[Mageia-discuss] Package management system

Richard richard.j.walker at ntlworld.com
Wed Sep 29 01:47:30 CEST 2010


On Tuesday 28 September 2010 23:42:21 Renaud MICHEL wrote:
> No, if you are talking about rpmdrake, you should compare it to synaptic.
> I you want to talk about apt (be it apt-get or aptitude), you should
> compare it to urpmi, and urpmi (in my opinion) is not slow.
>
Agreed. Though I am not by any means a command line junkie I will always use 
uprmi when I know exactly what I want. 

So it is synaptic/apt and rpmdrake/urpmi. No doubt yum has a GUI counterpart 
too.
>
> emerge and macports are source-based "packet" managers.
> As the programs are compiled when you want to install them, you can decide
> to exclude some optional, compile-time functionality, and avoid their
> dependencies.
>
> In pre-compiled packets (like rpm or deb), the packager decided what should
> be compiled, and so what are the required dependencies.
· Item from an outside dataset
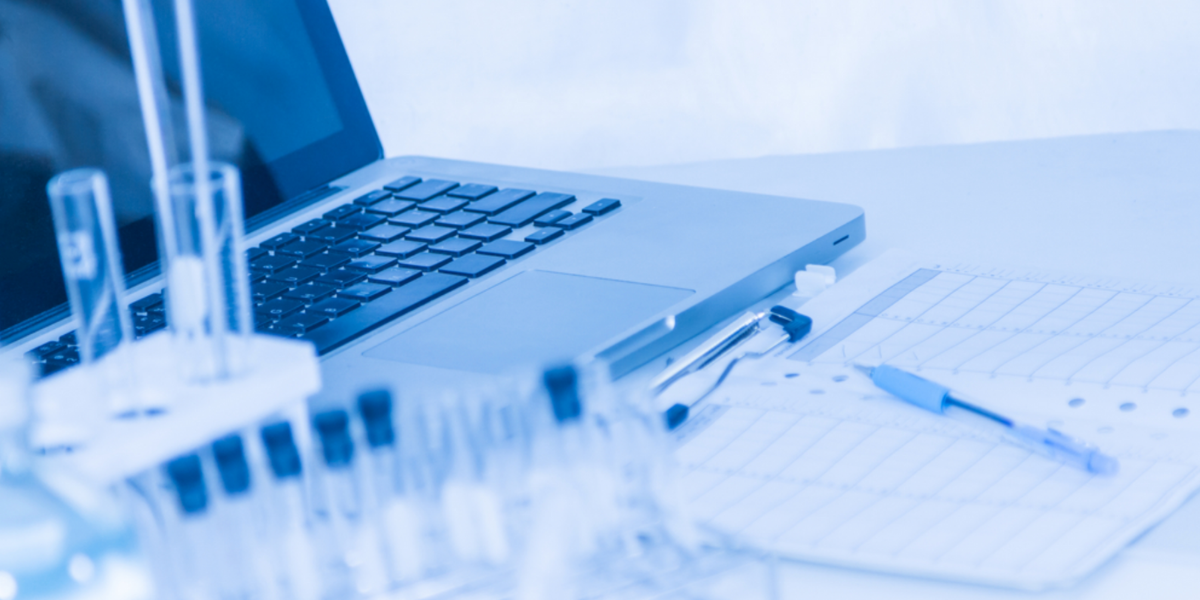 LIMS SaaS / Full Web : Pourquoi est-il temps d’y passer?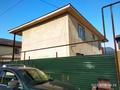 Жеке үй · 6 бөлме · 300 м² · 6 жүзд., 25 845, бағасы: 40 млн ₸ в Жана куате — фото 4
> You still have the option to get the source package and tweak it (via the
> spec file for rpm, or rule for deb) to exclude some things you don't
> require. (but you will need to do it again each time an update is
> available)
>
Right, I have done this with a custom ffmpeg build. Compile time dependency 
control is, of course, a grace and favour benefit provided by the program 
author. I get the impression that a packager can introduce depencies when 
special support is needed for extra features he may choose to include. This 
seems to be what happened with the 2010.1 issue of the foobillard rpm where a 
new dependency on Pulse has been created which does not exist in the 2010.0 
package or the author's source.
>
> Packages have dependencies, those are interpreted as "this package cannot
> work without those".
> You can also have less strict recommendations, deb has provided for long
> recommended packages (not really required, but a must have) and suggested
> packages (is an interesting addition, but nothing essential).
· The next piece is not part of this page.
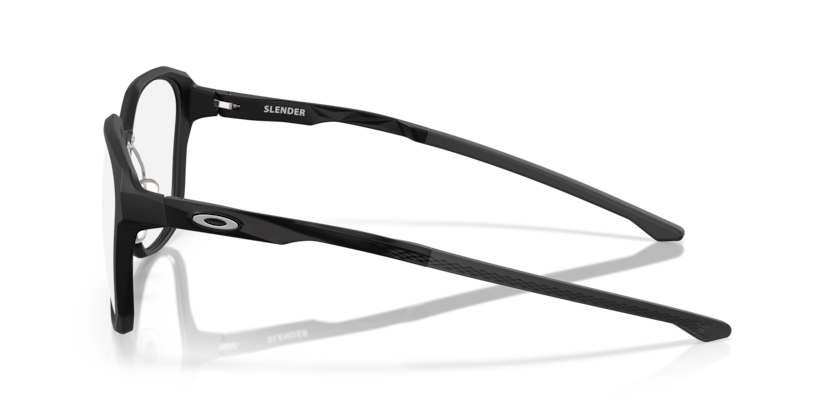 OX8193 - SLENDER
> Rpm also provide such a mechanism (though I think is younger than deb) with
> the suggested packages.
> Urpmi take the suggested packages into account, when installing it will by
> default selected also the suggested packages, but you can add the --no-
> suggests option to avoid this.
Does this mean that I can find the KDE packages which "depend" on Pulse and 
re-package them such that Pulse is only "recommended"? If so then I will have 
to find the way to set the --no-suggests option in rpmdrake. I hadn't even 
looked for it before as I have only recently started to discover problems in 
Mandriva packages.
> On the urpme side, if you uninstall a package that was installed as a
> suggestion, it won't trigger the uninstallation of the package that
> suggested it.
Something similar seems to apply to packages which I inadvertently "mark" as 
manually installed. urpme reports that such packages will be excluded from 
orphan detection. I love the --auto-orphans switch.